Projectiles are most commonly sent out at some angle to the horizontal. This initial velocity can quite easily be resolved into vertical and horizontal components using trigonometry, as shown in the figure below. Performing this calculation determines the initial velocity in the vertical direction and the initial velocity in the horizontal direction.
The velocity of the projectile at other times during its motion can be found by combining the vertical and horizontal velocities together in vector addition. The figure below shows how this vector addition is performed at a position where the projectile has almost risen to a peak. Notice that the real velocity of the projectile is directed at a tangent to the trajectory.
Give some real-life examples of projectile motion
A projectile is any object that is thrown, dropped, or otherwise launched into the air. This includes such things as a box dropped from a plane, a thrown ball, a struck golf ball, a kicked football, or even a fired bullet or cannonball. For our purposes, however, it does not include a rocket, because the thrust of a rocket continues well into its flight. Projectiles are projected into the air and then left to complete their unpowered flight.
When you throw some object making an angle with the horizontal (angle less than 90 degrees), and it goes off your hand then you are no more applying any force on that object. But there will be a force omnipresent acting on that stone. That is Gravity or Gravitational force applied by the earth. And this force directs vertically downwards pointing to the center of the earth. If gravity was not present that stone would continue to move in a straight line maintaining the same angle with the horizontal plane. But this downward pull of gravity takes it down.

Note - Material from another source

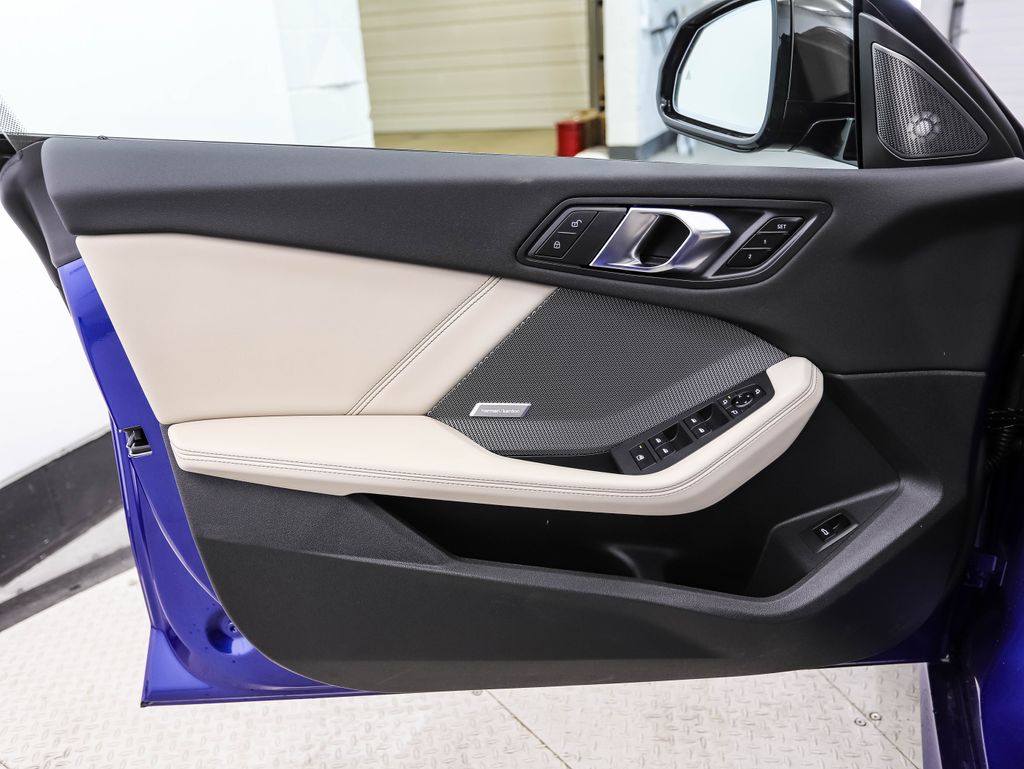 Thumbnail: 2026 BMW 2 Series - 8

On one hand, that stone tries to maintain a constant velocity along the horizontal as there is no force on it along that direction. On the other hand, it gets a downward pull caused by gravity and faces an acceleration equal to g (acceleration due to gravity). Under these 2 movements, it takes a parabolic path.
Force applied on a projectile and its acceleration
Throughout the flight, the projectile is subject to just one force — the force of gravity, and just one acceleration — acceleration due to gravity, g, or 9.8 m/s^2 downwards near the surface of the Earth.
Two simple rules that govern the projectile motion
- The horizontal motion and vertical motion are independent. They can be analyzed and calculated separately.
- The horizontal velocity is always constant (neglecting the air friction). The vertical motion has a constant acceleration (downward at 9.8 m/s2 at the surface of the Earth) and gravity is the only force acting on the object.